Topic models with elements of neural networks: investigation of stability, coherence, and determining the optimal number of topics
Topic modeling is a widely used instrument for the analysis of large text collections.
In the last few years, neural topic models and models with word embeddings have
been proposed to increase the quality of topic solutions. However, these models
were not extensively tested in terms of stability and interpretability. Moreover, the
question of selecting the number of topics (a model parameter) remains a challenging
task. We aim to partially fill this gap by testing four well-known and available to
a wide range of users topic models such as the embedded topic model (ETM),
Gaussian Softmax distribution model (GSM), Wasserstein autoencoders with Dirichlet
prior (W-LDA), and Wasserstein autoencoders with Gaussian Mixture prior (WTMGMM).

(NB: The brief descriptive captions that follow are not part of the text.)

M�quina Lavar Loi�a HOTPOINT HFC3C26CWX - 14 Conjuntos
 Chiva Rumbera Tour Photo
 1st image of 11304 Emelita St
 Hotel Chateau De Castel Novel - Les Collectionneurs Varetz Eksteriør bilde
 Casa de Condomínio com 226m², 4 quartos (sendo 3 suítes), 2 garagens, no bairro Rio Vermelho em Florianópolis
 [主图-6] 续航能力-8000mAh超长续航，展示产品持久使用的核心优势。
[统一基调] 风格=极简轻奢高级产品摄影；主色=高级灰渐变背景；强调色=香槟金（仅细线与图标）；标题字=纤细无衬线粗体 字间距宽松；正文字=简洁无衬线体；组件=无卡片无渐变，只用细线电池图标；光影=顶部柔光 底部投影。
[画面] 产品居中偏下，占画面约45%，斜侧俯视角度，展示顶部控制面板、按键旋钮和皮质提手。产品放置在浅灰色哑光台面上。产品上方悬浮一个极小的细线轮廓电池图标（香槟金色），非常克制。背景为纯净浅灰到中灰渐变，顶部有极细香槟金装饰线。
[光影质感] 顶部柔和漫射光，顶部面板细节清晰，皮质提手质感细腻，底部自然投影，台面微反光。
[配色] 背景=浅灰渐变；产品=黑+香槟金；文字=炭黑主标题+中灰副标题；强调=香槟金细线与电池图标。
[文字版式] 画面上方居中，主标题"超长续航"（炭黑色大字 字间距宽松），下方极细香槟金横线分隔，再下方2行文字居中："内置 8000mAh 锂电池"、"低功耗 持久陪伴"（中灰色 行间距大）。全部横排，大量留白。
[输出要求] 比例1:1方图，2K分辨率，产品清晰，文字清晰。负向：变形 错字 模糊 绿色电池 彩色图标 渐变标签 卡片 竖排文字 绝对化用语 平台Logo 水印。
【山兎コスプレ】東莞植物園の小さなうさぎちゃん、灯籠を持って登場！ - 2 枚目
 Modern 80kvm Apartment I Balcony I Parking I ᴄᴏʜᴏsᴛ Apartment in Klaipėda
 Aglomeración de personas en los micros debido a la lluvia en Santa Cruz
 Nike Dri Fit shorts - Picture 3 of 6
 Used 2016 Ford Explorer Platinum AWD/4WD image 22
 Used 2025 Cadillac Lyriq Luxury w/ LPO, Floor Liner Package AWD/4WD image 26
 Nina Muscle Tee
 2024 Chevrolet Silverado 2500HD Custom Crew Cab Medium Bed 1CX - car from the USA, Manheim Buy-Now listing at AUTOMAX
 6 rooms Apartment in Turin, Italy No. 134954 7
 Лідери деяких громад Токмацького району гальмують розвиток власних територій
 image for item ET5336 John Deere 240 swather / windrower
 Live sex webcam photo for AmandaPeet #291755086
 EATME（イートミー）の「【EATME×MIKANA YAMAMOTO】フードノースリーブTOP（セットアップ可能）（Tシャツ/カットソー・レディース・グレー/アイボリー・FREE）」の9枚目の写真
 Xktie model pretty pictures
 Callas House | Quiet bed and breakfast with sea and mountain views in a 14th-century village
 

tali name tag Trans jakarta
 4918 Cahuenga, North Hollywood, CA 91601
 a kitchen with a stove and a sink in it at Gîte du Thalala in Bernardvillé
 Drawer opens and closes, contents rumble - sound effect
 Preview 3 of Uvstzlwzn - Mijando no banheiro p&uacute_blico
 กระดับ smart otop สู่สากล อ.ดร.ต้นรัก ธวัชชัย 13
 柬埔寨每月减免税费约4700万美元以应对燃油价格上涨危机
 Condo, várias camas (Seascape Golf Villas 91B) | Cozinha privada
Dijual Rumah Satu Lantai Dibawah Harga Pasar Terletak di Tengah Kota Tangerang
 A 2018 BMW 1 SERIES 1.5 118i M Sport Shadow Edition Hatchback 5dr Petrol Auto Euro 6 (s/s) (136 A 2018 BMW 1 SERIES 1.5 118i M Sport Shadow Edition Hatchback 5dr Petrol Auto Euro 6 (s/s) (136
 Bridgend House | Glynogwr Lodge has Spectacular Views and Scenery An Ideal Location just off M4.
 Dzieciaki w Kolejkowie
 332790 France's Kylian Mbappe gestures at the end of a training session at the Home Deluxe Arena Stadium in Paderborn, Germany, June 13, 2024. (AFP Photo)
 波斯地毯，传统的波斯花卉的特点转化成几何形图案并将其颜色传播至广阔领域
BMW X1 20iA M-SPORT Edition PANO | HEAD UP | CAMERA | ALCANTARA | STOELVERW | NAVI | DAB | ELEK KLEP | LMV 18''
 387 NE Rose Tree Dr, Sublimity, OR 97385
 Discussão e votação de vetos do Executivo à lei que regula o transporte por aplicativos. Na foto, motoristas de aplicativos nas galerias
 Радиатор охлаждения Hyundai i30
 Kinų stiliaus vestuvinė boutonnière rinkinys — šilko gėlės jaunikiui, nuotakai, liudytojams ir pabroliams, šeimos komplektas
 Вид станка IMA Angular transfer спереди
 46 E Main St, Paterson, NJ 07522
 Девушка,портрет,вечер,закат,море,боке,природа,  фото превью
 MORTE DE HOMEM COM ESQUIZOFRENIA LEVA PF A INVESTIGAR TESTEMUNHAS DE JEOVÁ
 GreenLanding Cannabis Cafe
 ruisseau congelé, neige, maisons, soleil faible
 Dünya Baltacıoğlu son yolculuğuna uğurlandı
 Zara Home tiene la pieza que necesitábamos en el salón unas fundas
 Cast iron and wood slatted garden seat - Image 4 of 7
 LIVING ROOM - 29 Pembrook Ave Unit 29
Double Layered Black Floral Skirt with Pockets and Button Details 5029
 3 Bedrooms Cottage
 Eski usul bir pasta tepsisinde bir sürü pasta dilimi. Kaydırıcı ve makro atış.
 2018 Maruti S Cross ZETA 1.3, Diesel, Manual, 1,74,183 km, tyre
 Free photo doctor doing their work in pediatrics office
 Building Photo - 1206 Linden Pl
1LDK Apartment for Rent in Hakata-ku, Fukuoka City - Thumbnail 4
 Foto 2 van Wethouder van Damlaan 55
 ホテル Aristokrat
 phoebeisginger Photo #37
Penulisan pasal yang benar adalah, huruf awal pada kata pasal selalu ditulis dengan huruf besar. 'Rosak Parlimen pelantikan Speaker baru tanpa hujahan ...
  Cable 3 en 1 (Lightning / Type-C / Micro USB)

We demonstrate that W-LDA, WTM-GMM, and GSM possess poor stability
that complicates their application in practice. ETM model with additionally trained
embeddings demonstrates high coherence and rather good stability for large datasets,
but the question of the number of topics remains unsolved for this model. We also
propose a new topic model based on granulated sampling with word embeddings
(GLDAW), demonstrating the highest stability and good coherence compared to
other considered models. Moreover, the optimal number of topics in a dataset can
be determined for this model.